A: Hint:  You have two things to prove:  one is $\frac {(k+1)^{(k+1)}}{3^{(k+1)}}\lt (k+1)!$.  Try to write these terms in terms of what you know about $k$, so the right side is clearly $(k+1)k!$.  We can then say $(k+1)k!\gt (k+1)\frac {k^k}{3^k}$.  You need to relate $(k+1)^{(k+1)}$ and $k^k$, so need to say something about $(1+\frac 1k)^k.$  Does that ring a bell?

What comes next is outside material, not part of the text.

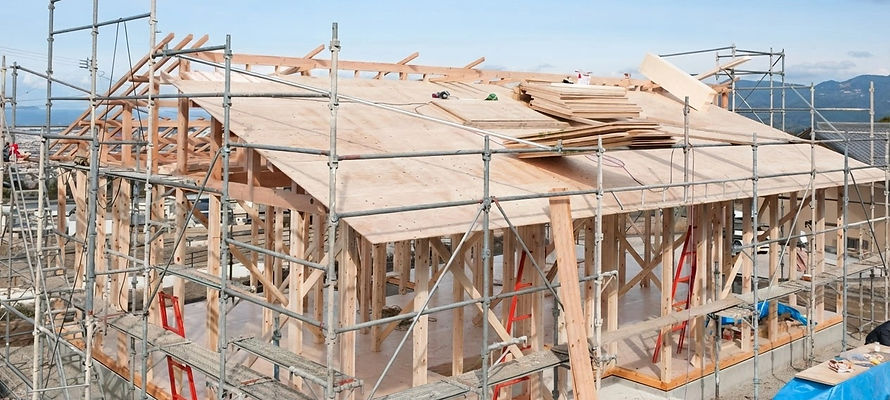 建物の屋根・野地板・新築工事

A: Hint: for the left side use the fact that $\displaystyle e^n> \frac{n^n}{n!}$ that comes from Taylor expansion if you take out all terms except the last one. For the right side note that $\displaystyle(\frac{n!}{n^n})^{1/n}$ is decreasing from $n\ge2$. Hence with a bit of work from your side you're done.
A: Given:
$$\frac{n^n}{3^n} < n! < \frac{n^n}{2^n} \forall n \geq 6$$
Using Sterling's formula we want to prove the following 2 inequalities:
$$\frac{n^n}{3^n} < \sqrt{2\pi n}\left ( \frac{n}{e} \right )^n   ---> [1] $$ 
and 
$$\frac{n^n}{2^n}>\sqrt{2\pi n}\left ( \frac{n}{e} \right )^n    ---> [2] $$
For the first inequality suppose that the opposite is true; that is, suppose that:
$$\frac{n^n}{3^n} \geq  \sqrt{2\pi n}\left ( \frac{n}{e} \right )^n   ---> [3] $$ 
so,
$$n^n \geq \sqrt{2\pi n}\left ( \frac{3*n}{e} \right )^n$$ 
since $3/e$ is about $1.10363832351$ we'd have:
so,
$$n^n \geq \sqrt{2\pi n}\left ( 1.01*n \right )^n$$ 
The above is clearly not true for any value of $n \geq 6$. Hence the proposition in [3] is false and [1] is true.
The same idea can be used to prove iniquality [2]. Note that $2/e$ is approximately 0.73575888234.